What’s Happening In The Other Room(s)?
Kluwer Mediation Blog
May 4, 2020
Please refer to this post as:, ‘What’s Happening In The Other Room(s)?’, Kluwer Mediation Blog, May 4 2020, http://mediationblog.kluwerarbitration.com/2020/05/04/whats-happening-in-the-other-rooms/
Mediation can be an intense experience for parties and their advisers. Often there is a lot on the line. In the substance there may be money, control, reputation, pride. In the process, there are challenges such as influencing other parties, getting the best deal possible, making well-informed judgment calls about risk, developing effective offers, and much more beyond.
To retain clear thinking in that context is a serious challenge. Very understandably, there is a tendency to get caught up in the bubble of one’s own thinking and strategizing. An early casualty of this can be a loss of perspective. Everything gets viewed from the single perspective of how it looks in that room, by those people, under those conditions, at that time.
I see this most obviously in two areas where parties make choices in mediations.
The first of these is joint meetings. One side may indicate that they do not wish to have any joint meetings, perhaps early on, or even at all. No doubt they will have their reasons, and they may be perfectly sound ones. However, rarely in the rationale do I find a serious analysis of the impact that such a move may or may not have on the other side.
The second area is offers. Particularly first, or early, offers.

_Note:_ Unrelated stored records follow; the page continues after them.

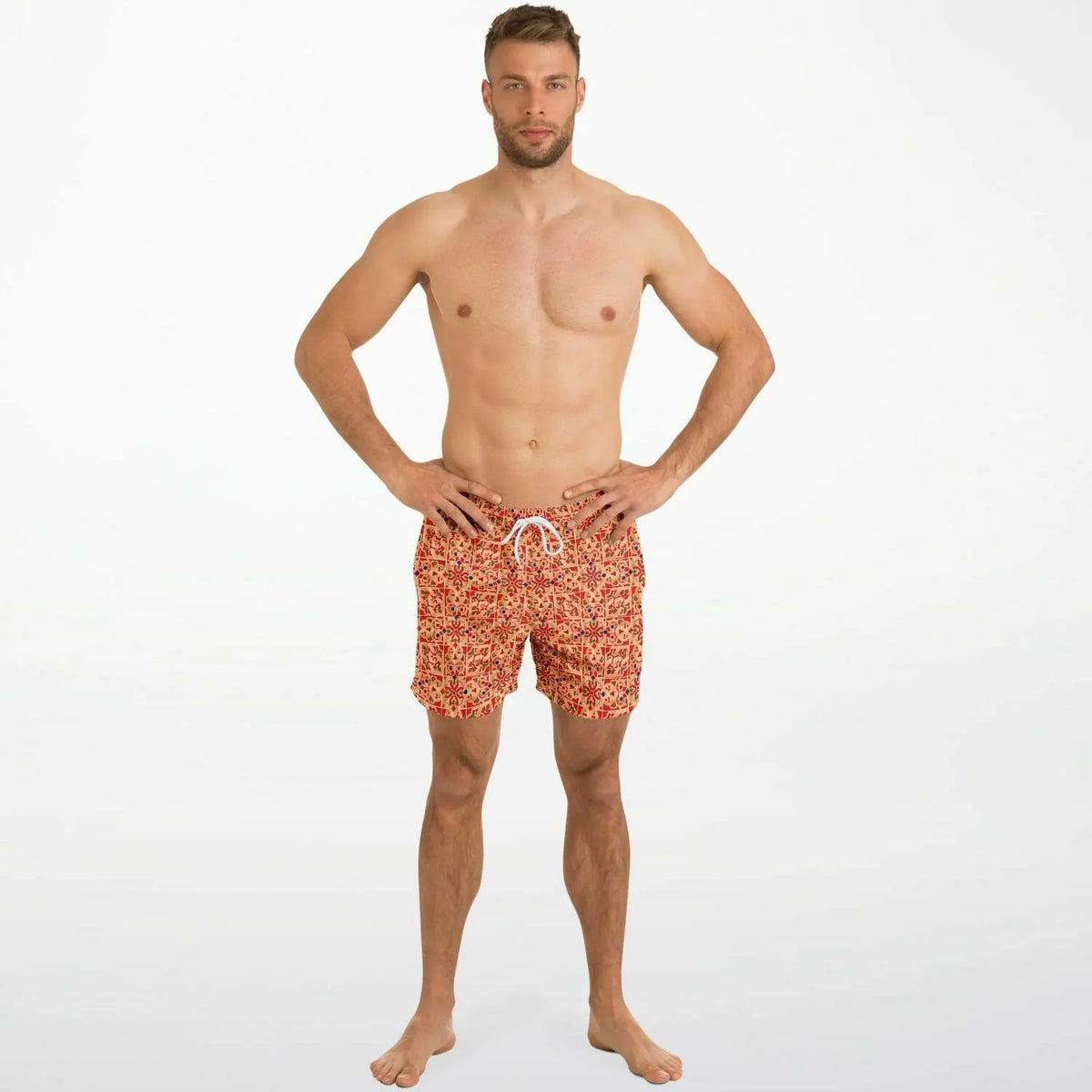 Men's swim shorts in a vibrant red floral pattern made by Maris Equi featuring an elastic waistband and drawstring.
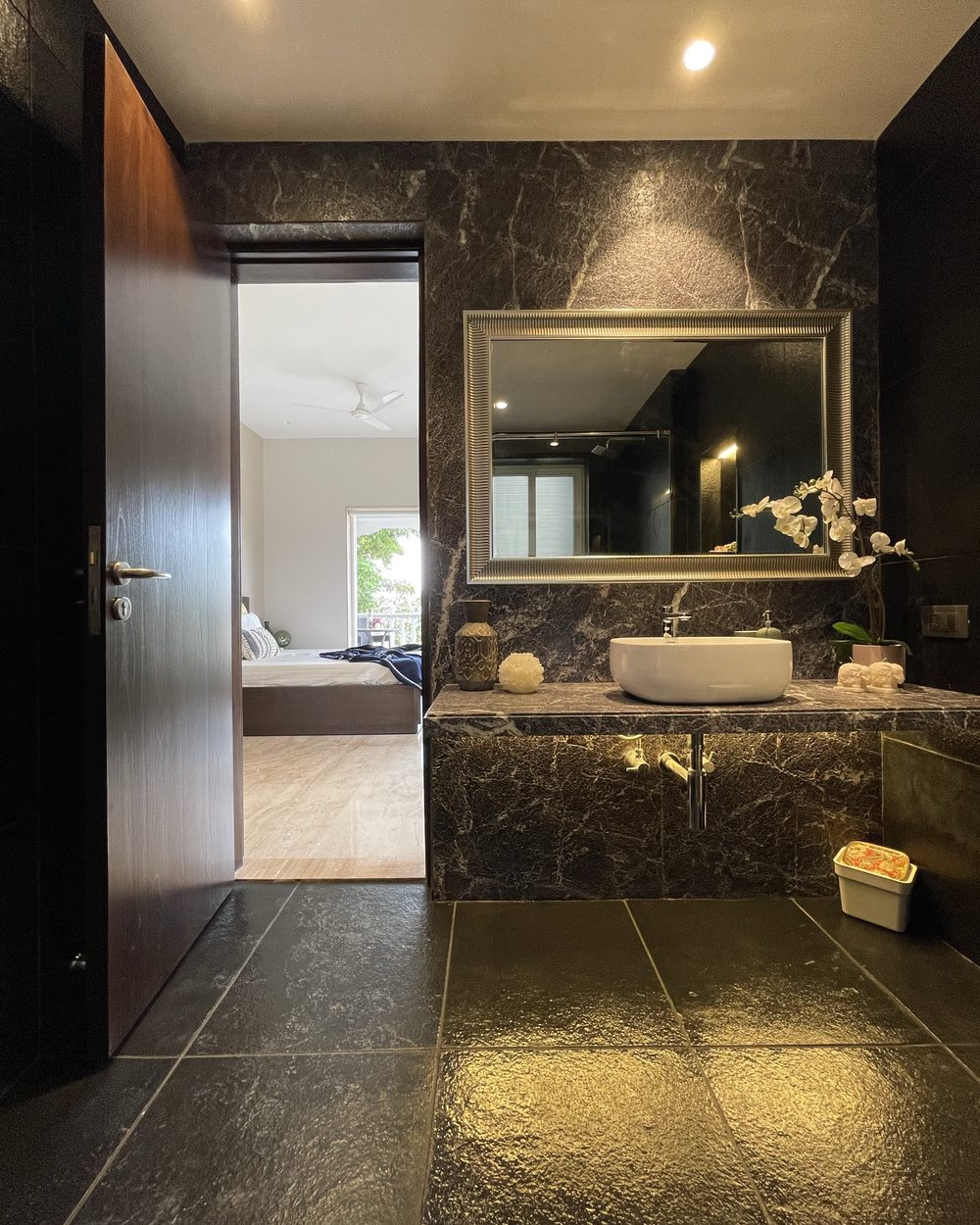 Bathing — dark marble, quiet luxury.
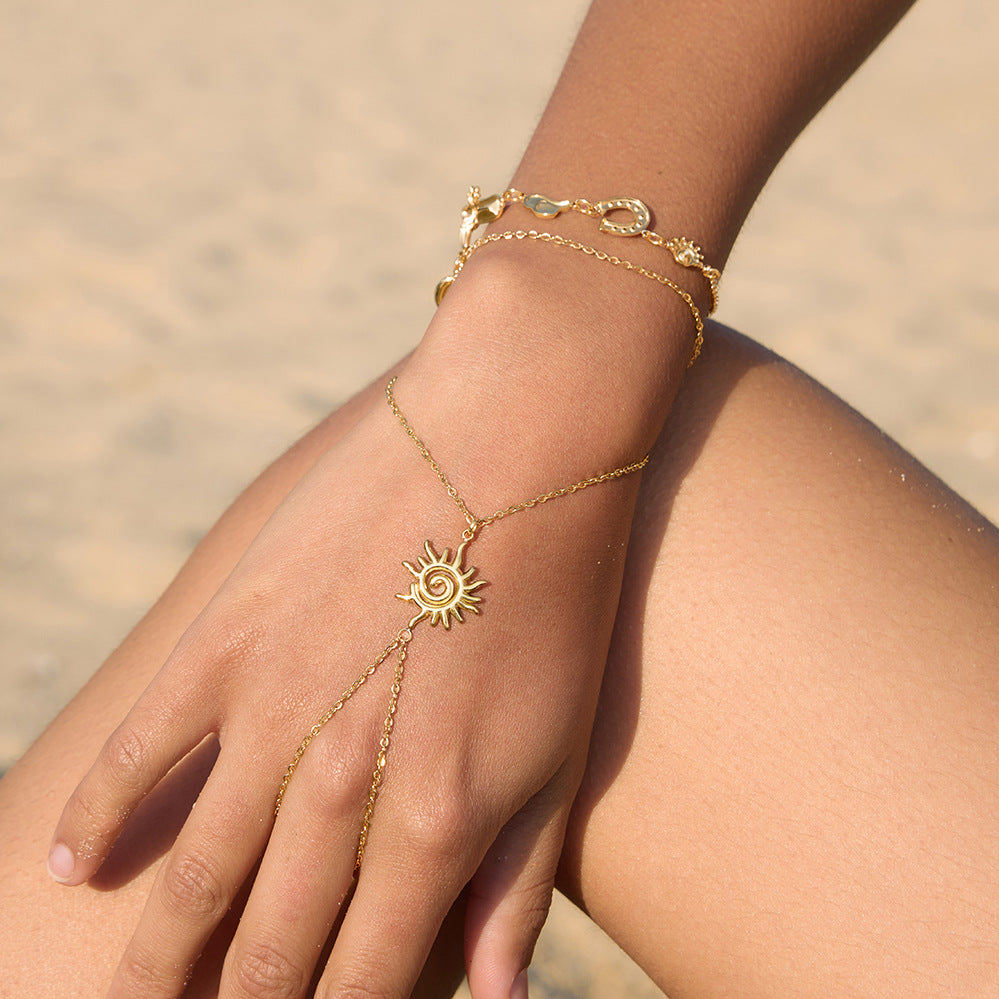 Gold celestial sun finger bracelet with a delicate wrist chain and hand chain design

The choice of what offer to make often appears to me to be a product mainly of that party’s assessment of its own case/risks, in the light of where it wishes to try to get to in the mediation. I have no difficulty with that. Indeed, I would expect that to form a serious part of the analysis. But I would ALSO expect the analysis to include an assessment of (or at least some thinking about) the impact the offer will have in the other room(s). This is not because, in keeping with many mediators, I have spent many hours coaxing the receiving party off the ceiling (or back into their room) in the wake of a challenging first offer. That is all part of a mediator’s job. Rather it is because, in order to be well-judged, offers need to have the right effect on both the making and the receiving parties. The desired effect on the receiving party does not necessarily need to be outright joy(!), but it should at least motivate them to engage as seriously as possible with the settlement process.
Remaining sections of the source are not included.